The Kappa Sigma fraternity became the center of my social life, and I remember dating several girls from WFU and Salem (I won’t embarrass them by revealing their names.). Graham Denton became my best friend, a friendship that endured through our years at WFU and for 45 years thereafter. Unfortunately, Graham passed away in 2013.

I married Anne Miller in January 1983 and inherited two wonderful children…James who graduated from WFU in 1996 and Ashley who graduated from Salem. Anne & I have two children, Maggie who graduated from WFU in 2007 and played on the golf team, and Sarah (who later married a WFU grad) who finished Presbyterian College in 2008. Yes, I did thank her for providing the Deacs with our first win of this season.
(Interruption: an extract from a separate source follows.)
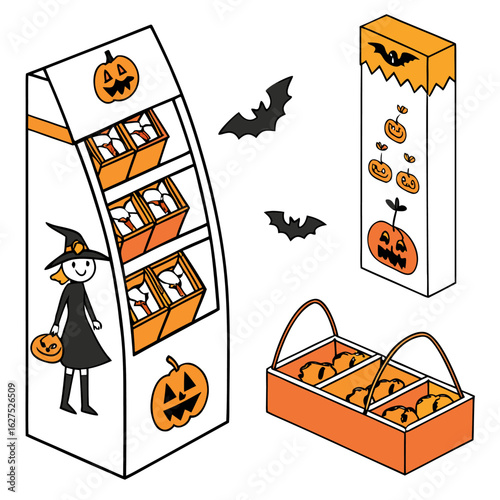 Whimsical halloween display featuring a witch pumpkins candy and bats perfect for seasonal decorations and treats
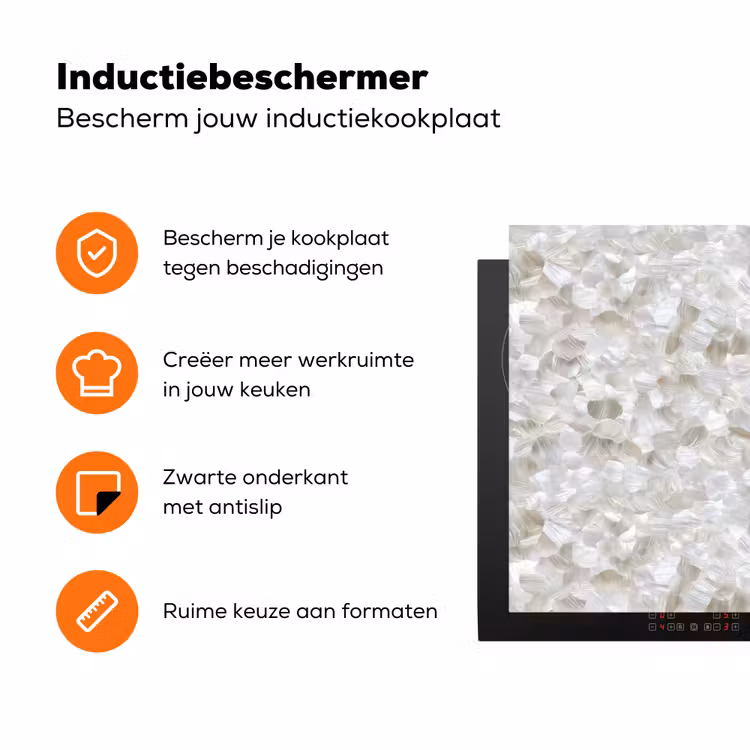 Wit - Penseelstreken - Reliëfeffect Inductie beschermer vinyl 3mm klein 276 -zzzzzzz-td-ups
I have so many fond memories of WFU but had better close for now. I look forward to seeing everyone this weekend


Sara Hendricks Sinal

After graduating from Wake Forest, I went to UNC Chapel Hill for medical school. I graduated there in 1971. I did a year of mixed Med/Peds internship in Chapel Hill. Paul Sinal and I married in 1969. At this point, he entered WFU School of Law and I completed my Pediatric residency at NC Baptist Hospital in Winston Salem in 1975. I was offered a faculty position in Pediatrics at Bowman Gray, now Wake Forest University School of Medicine. I thoroughly enjoyed the next 35 years seeing pediatric patients and teaching medical students and residents. I developed a sub-specialty in Child Abuse Pediatrics and saw many abused children and gave expert witness testimony in court.

After retirement in 2010, I became Medical Director and pediatrician at The Dragonfly House, a child advocacy center for assessment and treatment of abused and neglected children. I gave up that position after 4 years. I still do some consultant work and teaching for the Child Medical Evaluation Program, the NC state child abuse program.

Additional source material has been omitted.